# Message #1840

From: Andrew Gould <agould@uwm.edu>

Subject: RE: [MC4D] Re: State graph of MC2D

Date: Wed, 03 Aug 2011 13:06:00 -0500

oops, speaking of link problems, if you click the link, it doesn’t give you

a left side. Copy & paste http://kociemba.org/cube.htm. Also, by

‘rotations’ and ‘reflections’ I mean applying them to the whole puzzle.

–

Andy

From: 4D_Cubing@yahoogroups.com [mailto:4D_Cubing@yahoogroups.com] On Behalf

Of Andrew Gould

Sent: Wednesday, August 03, 2011 12:54

To: 4D_Cubing@yahoogroups.com

Subject: RE: [MC4D] Re: State graph of MC2D

Hi David,

Herbert Kociemba (part of the cube20.org group) used this ‘reducing by

symmetries’ to solve god’s number is 20. It cut the number of states they

had to solve by a factor of about 39.7. So it’s quite practical. He didn’t

call it ‘recoloring’ though….

He defined a ‘symmetry’: a combination of rotations or a combination of

rotations with a reflection.
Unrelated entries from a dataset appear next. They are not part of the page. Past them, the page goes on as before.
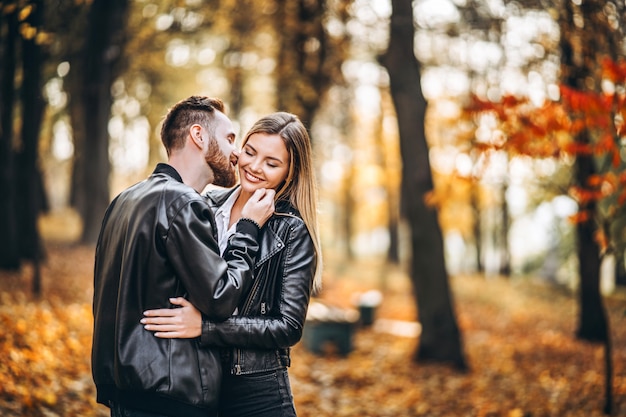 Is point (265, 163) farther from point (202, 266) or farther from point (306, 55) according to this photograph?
point (306, 55)

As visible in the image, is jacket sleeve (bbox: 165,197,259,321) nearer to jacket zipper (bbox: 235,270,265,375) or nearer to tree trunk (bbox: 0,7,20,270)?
jacket zipper (bbox: 235,270,265,375)

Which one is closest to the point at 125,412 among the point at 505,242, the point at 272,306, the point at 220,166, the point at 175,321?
the point at 175,321

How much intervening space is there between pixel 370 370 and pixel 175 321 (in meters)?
7.75

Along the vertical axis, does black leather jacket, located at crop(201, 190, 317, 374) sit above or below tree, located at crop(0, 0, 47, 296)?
below

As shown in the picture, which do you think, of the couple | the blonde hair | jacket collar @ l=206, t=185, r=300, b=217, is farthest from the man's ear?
jacket collar @ l=206, t=185, r=300, b=217

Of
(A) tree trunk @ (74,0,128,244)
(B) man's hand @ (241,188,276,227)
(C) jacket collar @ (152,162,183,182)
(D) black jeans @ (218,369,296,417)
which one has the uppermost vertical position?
(A) tree trunk @ (74,0,128,244)

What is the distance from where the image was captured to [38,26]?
6844 millimetres

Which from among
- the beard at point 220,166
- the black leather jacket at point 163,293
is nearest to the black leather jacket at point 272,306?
the black leather jacket at point 163,293

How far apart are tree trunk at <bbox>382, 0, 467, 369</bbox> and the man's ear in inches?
277

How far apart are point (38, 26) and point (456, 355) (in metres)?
7.65

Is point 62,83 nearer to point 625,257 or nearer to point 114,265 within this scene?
point 114,265

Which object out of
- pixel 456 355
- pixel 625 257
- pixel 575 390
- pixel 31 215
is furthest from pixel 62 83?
pixel 625 257

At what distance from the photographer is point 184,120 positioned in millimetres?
2969

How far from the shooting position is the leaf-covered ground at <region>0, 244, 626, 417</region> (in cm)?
644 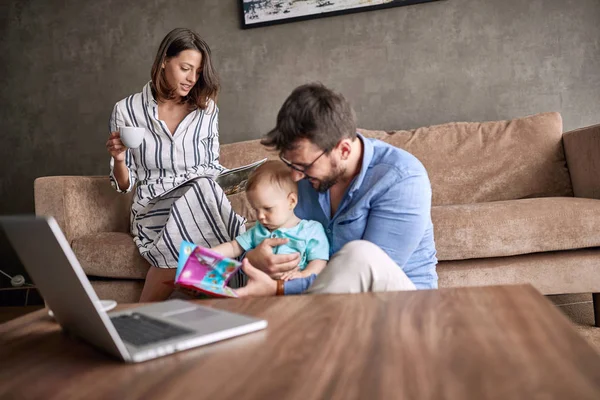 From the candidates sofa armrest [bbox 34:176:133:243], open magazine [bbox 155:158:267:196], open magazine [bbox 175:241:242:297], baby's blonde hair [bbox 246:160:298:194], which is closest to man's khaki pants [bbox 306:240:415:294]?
open magazine [bbox 175:241:242:297]

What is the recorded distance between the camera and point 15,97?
12.5ft

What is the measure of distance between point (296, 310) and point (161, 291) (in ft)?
4.20

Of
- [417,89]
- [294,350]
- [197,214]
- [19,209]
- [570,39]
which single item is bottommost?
[19,209]

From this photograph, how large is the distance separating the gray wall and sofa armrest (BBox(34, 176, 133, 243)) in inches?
36.1

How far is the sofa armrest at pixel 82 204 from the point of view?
2537mm

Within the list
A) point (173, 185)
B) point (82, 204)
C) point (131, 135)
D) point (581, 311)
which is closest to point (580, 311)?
point (581, 311)

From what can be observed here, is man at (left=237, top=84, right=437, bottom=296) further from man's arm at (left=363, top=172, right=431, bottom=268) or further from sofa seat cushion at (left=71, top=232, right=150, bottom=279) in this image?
sofa seat cushion at (left=71, top=232, right=150, bottom=279)

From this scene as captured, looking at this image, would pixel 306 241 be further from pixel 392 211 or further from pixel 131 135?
pixel 131 135

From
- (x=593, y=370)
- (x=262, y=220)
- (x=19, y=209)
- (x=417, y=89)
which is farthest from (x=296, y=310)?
(x=19, y=209)

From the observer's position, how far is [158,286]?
2170 millimetres

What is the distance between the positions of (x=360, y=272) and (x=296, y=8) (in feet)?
8.06

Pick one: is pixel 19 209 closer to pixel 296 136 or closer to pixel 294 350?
pixel 296 136

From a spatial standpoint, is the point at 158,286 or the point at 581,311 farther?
the point at 581,311

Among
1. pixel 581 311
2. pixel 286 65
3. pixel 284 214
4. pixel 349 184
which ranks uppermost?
pixel 286 65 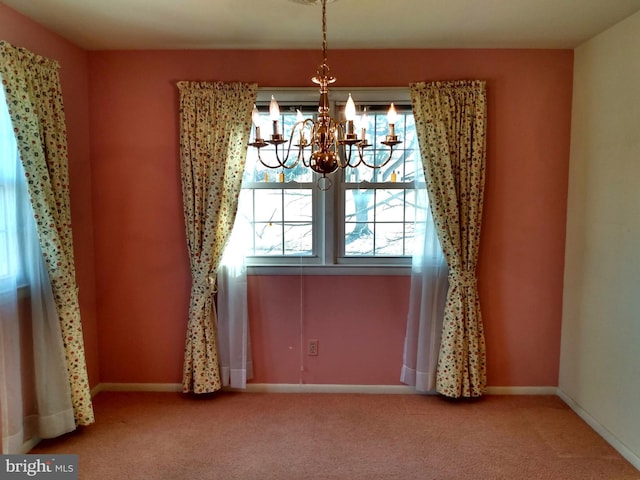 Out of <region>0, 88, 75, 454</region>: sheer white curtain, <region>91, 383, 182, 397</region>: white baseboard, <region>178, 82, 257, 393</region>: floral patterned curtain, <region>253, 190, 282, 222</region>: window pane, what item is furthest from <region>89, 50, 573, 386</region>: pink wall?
<region>0, 88, 75, 454</region>: sheer white curtain

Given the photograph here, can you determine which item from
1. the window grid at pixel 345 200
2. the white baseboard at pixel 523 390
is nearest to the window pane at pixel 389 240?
the window grid at pixel 345 200

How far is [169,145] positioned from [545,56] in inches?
108

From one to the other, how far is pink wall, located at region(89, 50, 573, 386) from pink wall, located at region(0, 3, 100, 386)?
64mm

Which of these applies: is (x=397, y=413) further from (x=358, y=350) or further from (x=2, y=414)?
(x=2, y=414)

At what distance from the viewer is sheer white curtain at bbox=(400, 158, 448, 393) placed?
9.54 ft

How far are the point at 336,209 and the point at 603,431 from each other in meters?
2.25

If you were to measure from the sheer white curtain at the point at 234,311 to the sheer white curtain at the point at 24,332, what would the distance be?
100cm

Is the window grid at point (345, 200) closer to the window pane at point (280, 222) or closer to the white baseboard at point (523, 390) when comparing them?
the window pane at point (280, 222)

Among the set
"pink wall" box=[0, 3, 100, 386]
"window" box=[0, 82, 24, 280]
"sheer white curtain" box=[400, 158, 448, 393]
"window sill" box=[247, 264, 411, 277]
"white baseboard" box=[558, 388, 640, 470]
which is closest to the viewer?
"window" box=[0, 82, 24, 280]

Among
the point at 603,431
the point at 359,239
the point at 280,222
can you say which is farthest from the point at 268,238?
the point at 603,431

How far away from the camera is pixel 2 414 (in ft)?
7.06

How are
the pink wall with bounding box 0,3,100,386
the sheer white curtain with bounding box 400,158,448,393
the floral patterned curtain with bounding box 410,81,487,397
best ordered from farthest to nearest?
the sheer white curtain with bounding box 400,158,448,393
the floral patterned curtain with bounding box 410,81,487,397
the pink wall with bounding box 0,3,100,386

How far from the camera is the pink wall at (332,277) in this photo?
288 cm

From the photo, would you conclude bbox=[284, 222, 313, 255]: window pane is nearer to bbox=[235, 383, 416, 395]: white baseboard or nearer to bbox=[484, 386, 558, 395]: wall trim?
bbox=[235, 383, 416, 395]: white baseboard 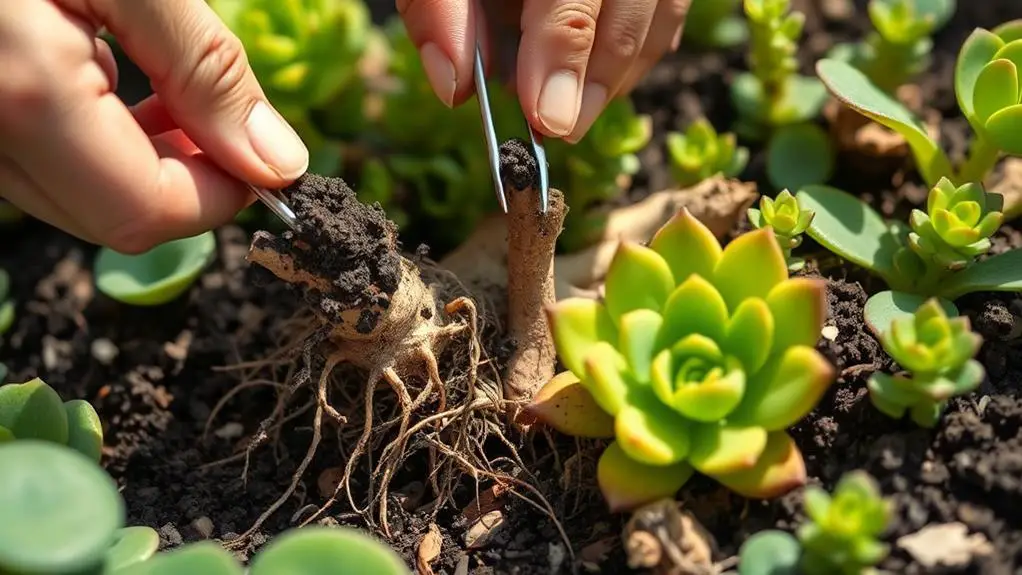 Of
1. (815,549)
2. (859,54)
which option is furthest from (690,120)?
(815,549)

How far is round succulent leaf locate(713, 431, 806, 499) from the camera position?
3.68 feet

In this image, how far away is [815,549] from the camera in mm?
1037

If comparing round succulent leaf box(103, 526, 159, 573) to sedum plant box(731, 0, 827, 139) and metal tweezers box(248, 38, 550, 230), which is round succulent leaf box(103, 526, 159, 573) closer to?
metal tweezers box(248, 38, 550, 230)

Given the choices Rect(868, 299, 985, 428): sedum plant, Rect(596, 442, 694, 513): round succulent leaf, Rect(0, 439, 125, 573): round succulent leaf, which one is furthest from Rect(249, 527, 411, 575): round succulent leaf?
Rect(868, 299, 985, 428): sedum plant

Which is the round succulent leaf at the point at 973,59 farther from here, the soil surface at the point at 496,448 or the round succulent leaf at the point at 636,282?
the round succulent leaf at the point at 636,282

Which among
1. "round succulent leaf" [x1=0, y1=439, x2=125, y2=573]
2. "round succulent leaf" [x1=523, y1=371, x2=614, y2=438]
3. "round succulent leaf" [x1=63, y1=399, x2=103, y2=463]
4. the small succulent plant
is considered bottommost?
the small succulent plant

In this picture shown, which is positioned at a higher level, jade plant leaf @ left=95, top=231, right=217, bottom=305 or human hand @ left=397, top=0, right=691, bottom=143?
human hand @ left=397, top=0, right=691, bottom=143

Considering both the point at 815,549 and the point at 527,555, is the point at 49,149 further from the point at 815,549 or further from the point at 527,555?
the point at 815,549

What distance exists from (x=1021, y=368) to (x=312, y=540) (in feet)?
3.22

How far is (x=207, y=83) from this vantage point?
4.22 feet

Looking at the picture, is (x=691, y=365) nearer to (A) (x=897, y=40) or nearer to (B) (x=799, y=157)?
(B) (x=799, y=157)

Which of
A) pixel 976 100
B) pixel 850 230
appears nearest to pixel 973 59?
pixel 976 100

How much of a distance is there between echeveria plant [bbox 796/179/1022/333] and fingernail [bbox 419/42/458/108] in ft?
1.81

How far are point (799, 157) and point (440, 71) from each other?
28.6 inches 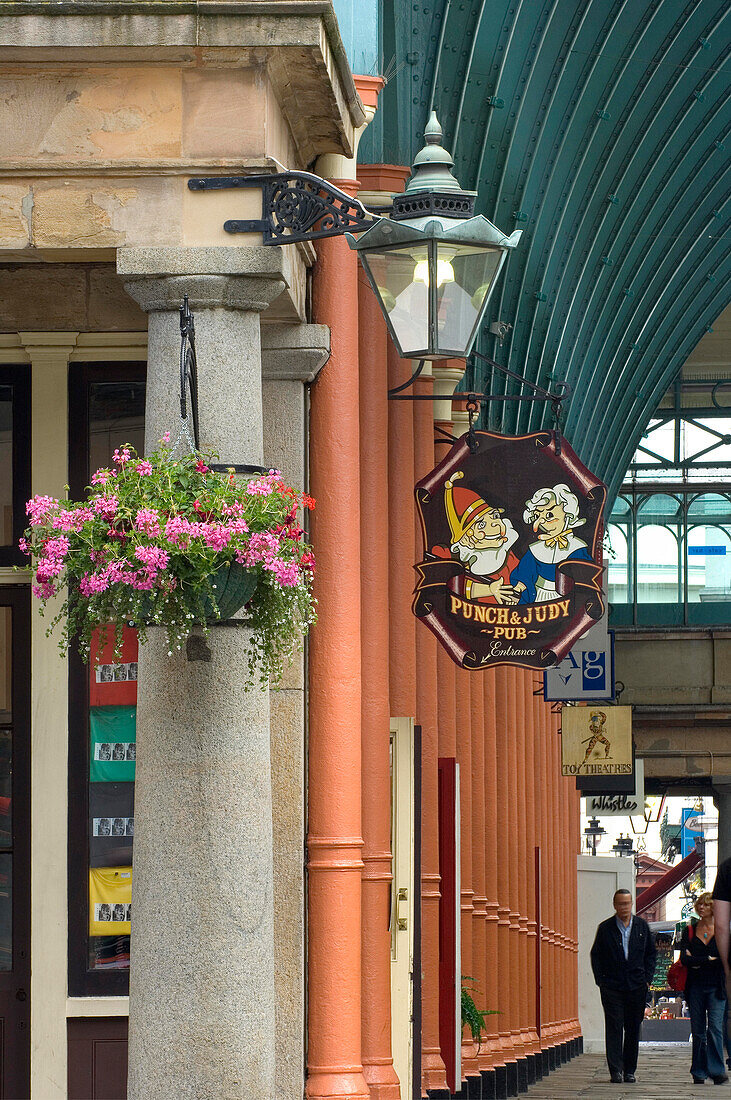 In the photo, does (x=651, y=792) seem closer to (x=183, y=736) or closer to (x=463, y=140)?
(x=463, y=140)

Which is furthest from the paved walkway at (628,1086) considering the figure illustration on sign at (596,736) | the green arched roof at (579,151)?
the green arched roof at (579,151)

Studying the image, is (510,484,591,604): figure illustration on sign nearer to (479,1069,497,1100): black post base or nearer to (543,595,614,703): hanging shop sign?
(479,1069,497,1100): black post base

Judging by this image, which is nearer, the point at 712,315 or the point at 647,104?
the point at 647,104

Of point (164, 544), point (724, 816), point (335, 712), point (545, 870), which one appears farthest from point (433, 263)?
point (724, 816)

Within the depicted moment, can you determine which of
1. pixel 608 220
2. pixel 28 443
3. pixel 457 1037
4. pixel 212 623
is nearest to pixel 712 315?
pixel 608 220

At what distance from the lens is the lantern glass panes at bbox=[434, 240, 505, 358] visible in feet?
23.9

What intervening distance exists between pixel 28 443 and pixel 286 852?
2.22 meters

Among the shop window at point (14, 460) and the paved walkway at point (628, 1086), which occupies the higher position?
the shop window at point (14, 460)

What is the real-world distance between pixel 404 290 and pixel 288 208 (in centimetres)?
67

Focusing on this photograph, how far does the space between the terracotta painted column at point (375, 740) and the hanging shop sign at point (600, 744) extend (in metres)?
12.4

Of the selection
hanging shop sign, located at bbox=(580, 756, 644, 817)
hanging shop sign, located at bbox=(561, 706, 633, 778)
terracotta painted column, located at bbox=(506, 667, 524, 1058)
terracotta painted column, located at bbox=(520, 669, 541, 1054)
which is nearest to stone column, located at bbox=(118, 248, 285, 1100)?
terracotta painted column, located at bbox=(506, 667, 524, 1058)

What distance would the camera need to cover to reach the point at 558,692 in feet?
64.2

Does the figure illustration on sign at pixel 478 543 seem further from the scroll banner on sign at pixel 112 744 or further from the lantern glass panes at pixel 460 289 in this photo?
the lantern glass panes at pixel 460 289

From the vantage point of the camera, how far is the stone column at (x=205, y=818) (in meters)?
6.62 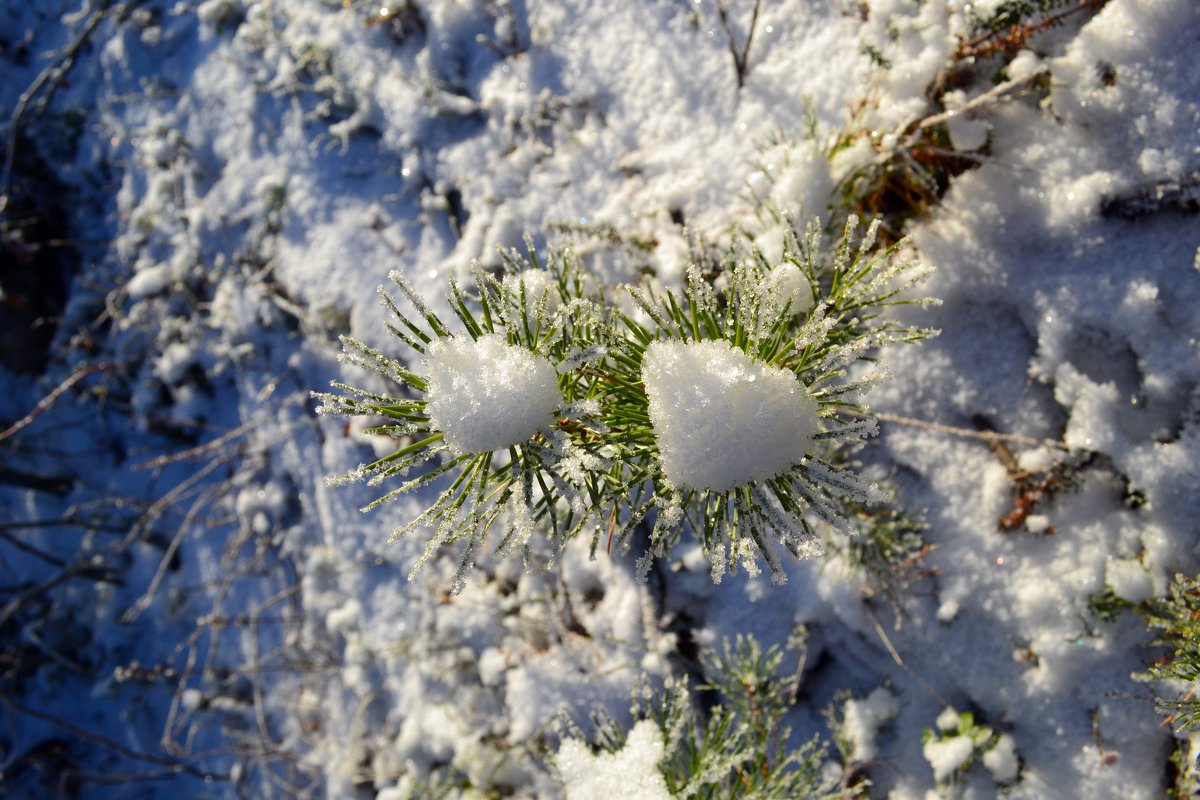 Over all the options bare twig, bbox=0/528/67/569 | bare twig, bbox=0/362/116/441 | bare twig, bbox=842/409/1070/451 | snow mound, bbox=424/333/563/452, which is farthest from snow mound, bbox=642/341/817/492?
bare twig, bbox=0/528/67/569

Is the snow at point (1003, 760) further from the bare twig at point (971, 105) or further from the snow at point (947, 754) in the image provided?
the bare twig at point (971, 105)

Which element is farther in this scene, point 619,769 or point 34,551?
point 34,551

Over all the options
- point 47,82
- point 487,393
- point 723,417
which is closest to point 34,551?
point 47,82

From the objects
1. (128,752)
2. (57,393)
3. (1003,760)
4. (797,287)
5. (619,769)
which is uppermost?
(797,287)

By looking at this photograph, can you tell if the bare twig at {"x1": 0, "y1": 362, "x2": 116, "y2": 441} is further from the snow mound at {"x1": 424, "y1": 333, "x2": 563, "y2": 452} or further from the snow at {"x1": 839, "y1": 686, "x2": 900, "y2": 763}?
the snow at {"x1": 839, "y1": 686, "x2": 900, "y2": 763}

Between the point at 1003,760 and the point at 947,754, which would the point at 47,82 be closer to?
the point at 947,754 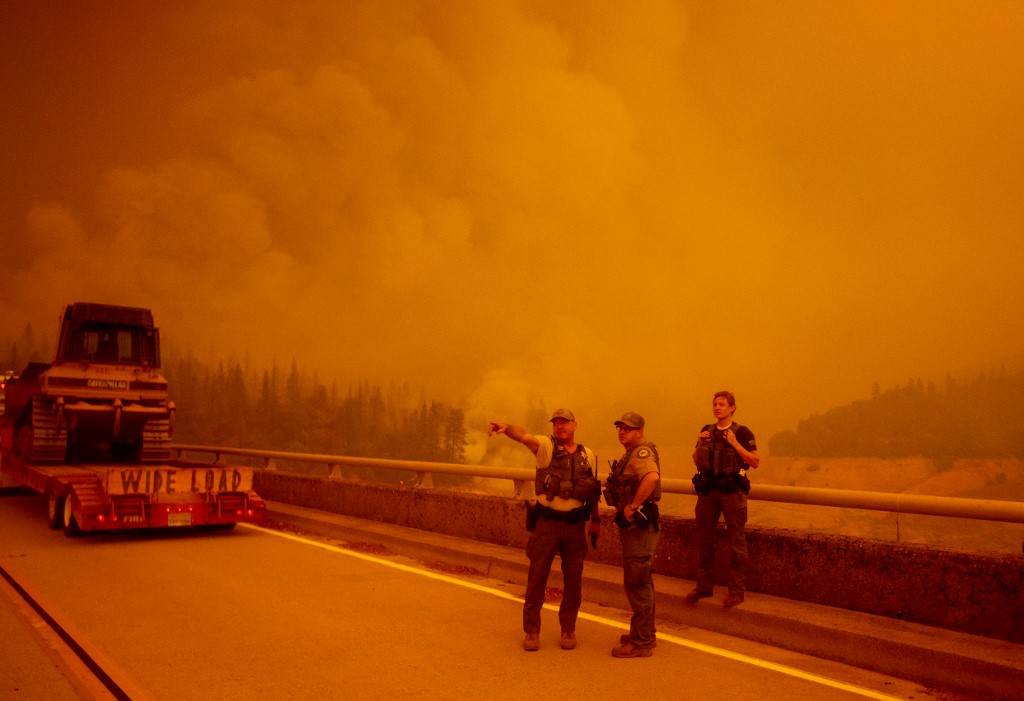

Each symmetry, S has a unique inverse S’, and

the double inverse, S’’ = S. Two states, j and k are then said to be

equivalent if there exists a symmetry such that j = SkS’. I look at it as

conjugating by symmetries only.

For details, go to http://kociemba.org/cube.htm, then on the left side under

‘The Mathematics behind Cube Explorer’, click ‘Equivalent Cubes and

Symmetry’.

–

Andy